The core perception logic relies on a robust OpenCV pipeline encapsulated within the CalibrationNode. We utilize cv2.findChessboardCorners to identify the grid pattern in the raw video feed, followed immediately by cv2.cornerSubPix to refine these detections to sub-pixel accuracy. This refinement step is crucial for high-precision insertion tasks, as it minimizes quantization error before any geometric calculations occur. Once the 2D pixel coordinates are locked, cv2.solvePnP matches them against the known 3D geometry of the chessboard (obj_points). This algorithm solves the Perspective-n-Point problem, outputting the rotation and translation vectors that define exactly where the chessboard sits relative to the camera's optical center.

To make this spatial data actionable for the robot, we perform a rigorous coordinate transformation sequence. The raw output from the vision pipeline is in the camera's optical frame, which is distinct from the robot's coordinate system. The code converts the rotation vectors into quaternions using scipy.spatial.transform and leverages the ROS 2 tf2 buffer to transform the pose from the camera_link frame to the base_link frame. This ensures that the detection is not just relative to the sensor, but rooted in the robot's fixed base frame, allowing for consistent motion planning regardless of how the camera is mounted or moved.

Finally, the node functions as a managed state machine rather than a continuous stream, ensuring system stability. It utilizes a ROS service (/calibrate_height) to trigger detection only when the robot is static, preventing motion blur from corrupting the measurement. The integration of the PinholeCameraModel validates the intrinsics (focal length and principal point), allowing us to project rays from 2D pixels (u, v) into 3D space. Visual debugging tools embedded in the code—drawing the principal point and board center—allow operators to visually verify that the physical camera matches the mathematical model before calibration data is published.

Pseudocode:

def process_frame(image):
    # 1. Detection: Find grid pattern in 2D image
    corners_2d = cv2.findChessboardCorners(image)
    
    if found:
        # 2. Refinement: Improve accuracy to sub-pixel level
        refined_corners = cv2.cornerSubPix(corners_2d)
        
        # 3. PnP Solver: Match 2D pixels to known 3D geometry
        # Returns position/rotation of board relative to Camera
        pose_in_camera = cv2.solvePnP(refined_corners, known_3d_points)
        
        # 4. Transformation: Convert to Robot Base Frame
        # Crucial for motion planning
        pose_in_base = tf_buffer.transform(pose_in_camera, 
                                          from="camera_link", 
                                          to="base_link")
        
        publish(pose_in_base)

Software B. Motion Planning: The 'Move' Node

This node acts as the system's "Brain," using a Finite State Machine to command the UR7e via MoveIt.
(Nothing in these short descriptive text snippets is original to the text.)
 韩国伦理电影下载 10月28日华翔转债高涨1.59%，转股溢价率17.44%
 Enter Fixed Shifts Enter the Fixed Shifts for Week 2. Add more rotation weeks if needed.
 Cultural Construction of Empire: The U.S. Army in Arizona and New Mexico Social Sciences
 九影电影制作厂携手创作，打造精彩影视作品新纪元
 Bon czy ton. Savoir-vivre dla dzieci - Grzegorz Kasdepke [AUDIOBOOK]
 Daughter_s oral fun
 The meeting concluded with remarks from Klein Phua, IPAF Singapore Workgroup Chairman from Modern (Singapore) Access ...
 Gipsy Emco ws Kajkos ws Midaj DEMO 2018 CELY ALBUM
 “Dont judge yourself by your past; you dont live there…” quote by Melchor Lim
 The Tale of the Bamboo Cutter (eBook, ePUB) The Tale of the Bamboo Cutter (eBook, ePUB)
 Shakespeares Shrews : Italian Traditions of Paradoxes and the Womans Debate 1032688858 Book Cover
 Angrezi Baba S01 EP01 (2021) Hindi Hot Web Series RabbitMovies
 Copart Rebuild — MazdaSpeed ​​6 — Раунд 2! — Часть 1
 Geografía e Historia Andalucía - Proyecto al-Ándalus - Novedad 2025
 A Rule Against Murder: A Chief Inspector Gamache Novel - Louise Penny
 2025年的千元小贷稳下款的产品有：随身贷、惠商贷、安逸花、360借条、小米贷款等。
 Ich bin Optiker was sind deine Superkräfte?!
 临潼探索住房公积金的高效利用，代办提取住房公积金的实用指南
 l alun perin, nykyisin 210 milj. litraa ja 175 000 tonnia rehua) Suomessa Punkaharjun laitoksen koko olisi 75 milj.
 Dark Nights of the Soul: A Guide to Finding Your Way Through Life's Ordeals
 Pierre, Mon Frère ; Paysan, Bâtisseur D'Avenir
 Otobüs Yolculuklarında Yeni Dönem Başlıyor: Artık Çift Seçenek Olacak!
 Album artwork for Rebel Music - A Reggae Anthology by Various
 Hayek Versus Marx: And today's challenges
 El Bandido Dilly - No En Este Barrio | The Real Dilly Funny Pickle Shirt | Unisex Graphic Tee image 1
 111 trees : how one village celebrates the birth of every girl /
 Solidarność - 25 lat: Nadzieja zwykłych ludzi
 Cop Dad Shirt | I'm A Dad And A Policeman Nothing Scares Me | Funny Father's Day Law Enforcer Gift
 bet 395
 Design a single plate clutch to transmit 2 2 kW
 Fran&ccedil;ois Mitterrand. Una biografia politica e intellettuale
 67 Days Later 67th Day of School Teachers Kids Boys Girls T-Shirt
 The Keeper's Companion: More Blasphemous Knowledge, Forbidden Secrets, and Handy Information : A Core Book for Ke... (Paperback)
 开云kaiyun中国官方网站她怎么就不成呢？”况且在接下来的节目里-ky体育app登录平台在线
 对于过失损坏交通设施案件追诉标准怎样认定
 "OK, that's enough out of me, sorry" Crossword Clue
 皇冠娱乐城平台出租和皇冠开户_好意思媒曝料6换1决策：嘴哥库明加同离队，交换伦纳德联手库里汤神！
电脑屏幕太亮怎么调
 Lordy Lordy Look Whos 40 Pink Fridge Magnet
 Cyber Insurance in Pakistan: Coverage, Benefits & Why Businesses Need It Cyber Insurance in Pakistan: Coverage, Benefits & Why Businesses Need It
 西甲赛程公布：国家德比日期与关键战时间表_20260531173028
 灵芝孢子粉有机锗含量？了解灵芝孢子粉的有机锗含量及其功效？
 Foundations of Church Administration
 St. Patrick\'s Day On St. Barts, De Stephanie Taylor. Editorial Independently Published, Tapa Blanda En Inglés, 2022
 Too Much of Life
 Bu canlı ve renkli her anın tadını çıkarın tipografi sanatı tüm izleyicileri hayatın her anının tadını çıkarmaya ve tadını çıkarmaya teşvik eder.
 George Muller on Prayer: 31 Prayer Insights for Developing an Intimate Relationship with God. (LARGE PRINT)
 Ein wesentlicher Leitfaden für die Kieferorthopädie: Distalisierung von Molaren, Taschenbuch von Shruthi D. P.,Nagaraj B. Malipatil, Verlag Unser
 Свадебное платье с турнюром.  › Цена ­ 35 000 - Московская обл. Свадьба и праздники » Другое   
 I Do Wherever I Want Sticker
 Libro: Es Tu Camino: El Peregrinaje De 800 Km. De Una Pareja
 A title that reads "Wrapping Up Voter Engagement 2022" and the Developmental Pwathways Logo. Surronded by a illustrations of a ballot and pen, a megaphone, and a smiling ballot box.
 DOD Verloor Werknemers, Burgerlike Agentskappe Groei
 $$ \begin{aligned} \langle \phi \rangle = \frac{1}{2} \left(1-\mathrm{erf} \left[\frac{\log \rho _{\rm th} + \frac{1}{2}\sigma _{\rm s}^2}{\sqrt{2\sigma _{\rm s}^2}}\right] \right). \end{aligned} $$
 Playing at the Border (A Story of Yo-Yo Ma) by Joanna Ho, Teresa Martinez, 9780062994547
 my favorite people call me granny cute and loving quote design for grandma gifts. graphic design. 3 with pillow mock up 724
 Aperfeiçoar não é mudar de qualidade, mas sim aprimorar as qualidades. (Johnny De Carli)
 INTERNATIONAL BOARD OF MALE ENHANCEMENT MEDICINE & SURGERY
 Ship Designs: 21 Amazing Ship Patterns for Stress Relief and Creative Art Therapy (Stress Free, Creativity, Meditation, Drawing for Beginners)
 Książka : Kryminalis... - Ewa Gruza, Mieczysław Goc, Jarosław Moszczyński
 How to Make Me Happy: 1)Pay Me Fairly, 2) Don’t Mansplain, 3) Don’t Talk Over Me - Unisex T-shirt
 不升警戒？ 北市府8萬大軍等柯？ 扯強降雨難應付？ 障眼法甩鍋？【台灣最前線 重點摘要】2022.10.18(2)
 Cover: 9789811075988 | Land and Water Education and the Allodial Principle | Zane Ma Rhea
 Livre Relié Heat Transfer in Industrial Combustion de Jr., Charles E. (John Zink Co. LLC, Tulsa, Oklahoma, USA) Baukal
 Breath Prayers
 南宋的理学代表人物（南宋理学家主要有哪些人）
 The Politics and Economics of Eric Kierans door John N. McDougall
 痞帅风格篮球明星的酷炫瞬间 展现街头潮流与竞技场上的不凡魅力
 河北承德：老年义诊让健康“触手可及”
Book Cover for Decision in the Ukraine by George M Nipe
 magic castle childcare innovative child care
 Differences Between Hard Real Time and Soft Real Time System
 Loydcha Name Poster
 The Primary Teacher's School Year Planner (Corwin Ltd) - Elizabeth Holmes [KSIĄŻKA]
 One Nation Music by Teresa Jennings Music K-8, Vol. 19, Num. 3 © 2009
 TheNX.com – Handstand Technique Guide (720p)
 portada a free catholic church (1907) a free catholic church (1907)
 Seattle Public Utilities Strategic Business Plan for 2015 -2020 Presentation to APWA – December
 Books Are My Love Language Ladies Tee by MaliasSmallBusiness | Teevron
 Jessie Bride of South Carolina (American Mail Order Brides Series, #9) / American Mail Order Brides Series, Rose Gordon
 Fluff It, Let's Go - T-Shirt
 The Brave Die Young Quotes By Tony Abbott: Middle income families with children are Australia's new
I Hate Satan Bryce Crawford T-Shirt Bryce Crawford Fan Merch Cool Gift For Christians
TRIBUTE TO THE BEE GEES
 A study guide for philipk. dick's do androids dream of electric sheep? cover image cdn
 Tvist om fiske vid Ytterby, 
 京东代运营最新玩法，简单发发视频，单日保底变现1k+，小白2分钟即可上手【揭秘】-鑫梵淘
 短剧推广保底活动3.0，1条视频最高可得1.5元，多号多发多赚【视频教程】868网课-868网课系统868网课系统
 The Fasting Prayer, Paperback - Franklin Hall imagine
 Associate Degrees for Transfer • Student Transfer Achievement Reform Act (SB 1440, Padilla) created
It orchestrates the transition from visual alignment to tactile insertion.

1. The Control Loop (FSM)

ALIGN: Uses closed-loop visual servoing to minimize error to <1.0mm.
DIVE: Descends to a "pre-insert" height (Z=12cm) while locking X/Y alignment.
SHIFT: Executes a "blind shift" using TF2 transforms to physically swap the camera position with the gripper tip.
SPIRAL: Triggers the /spiral_search service, handing off control to force feedback.

2. Cartesian Path Planning

We prioritize Cartesian Path Planning over joint interpolation. By enforcing strictly linear motion, we prevent the arc-induced "perspective drift" common in joint moves. This ensures the camera remains perpendicular to the target throughout the descent, validating our coordinate transforms.

3. The "Shift"

The SHIFT state handles the critical hand-eye coordination. The code calculates the real-time inverse transform between camera_link and tool0, determining exactly how to position the gripper where the camera lens just was. This maneuver relies entirely on the accuracy of our calibration node, as the target becomes occluded by the robot itself.

Pseudocode:

state = "ALIGN"

while node_is_running:
    if state == "ALIGN":
        # Closed-loop Visual Servoing
        error_vector = get_usb_c_position()
        if magnitude(error_vector) < 1.0mm:
            state = "DIVE"
        else:
            # Move linearly to correct error
            move_cartesian(dx=error_vector.x, dy=error_vector.y)

    elif state == "DIVE":
        # Move straight down 12cm, maintaining X/Y lock
        move_cartesian(dz=-0.12)
        state = "SHIFT"

    elif state == "SHIFT":
        # The "Blind" Hand-Eye Swap
        # Calculate physical offset between camera lens and gripper tip
        offset = get_transform(from="camera_link", to="tool0")
        move_cartesian(offset) 
        state = "SPIRAL"

    elif state == "SPIRAL":
        # Hand off control to force feedback system
        trigger_service("/spiral_search")
        stop_cartesian_control()

Software C. Object Detection: The 'CV' Node

While the Calibration Node handles static alignment, the CV node is responsible for real-time target detection. Because the robot may approach the USB-C port from varying heights (changing the apparent size of the port), standard template matching is insufficient.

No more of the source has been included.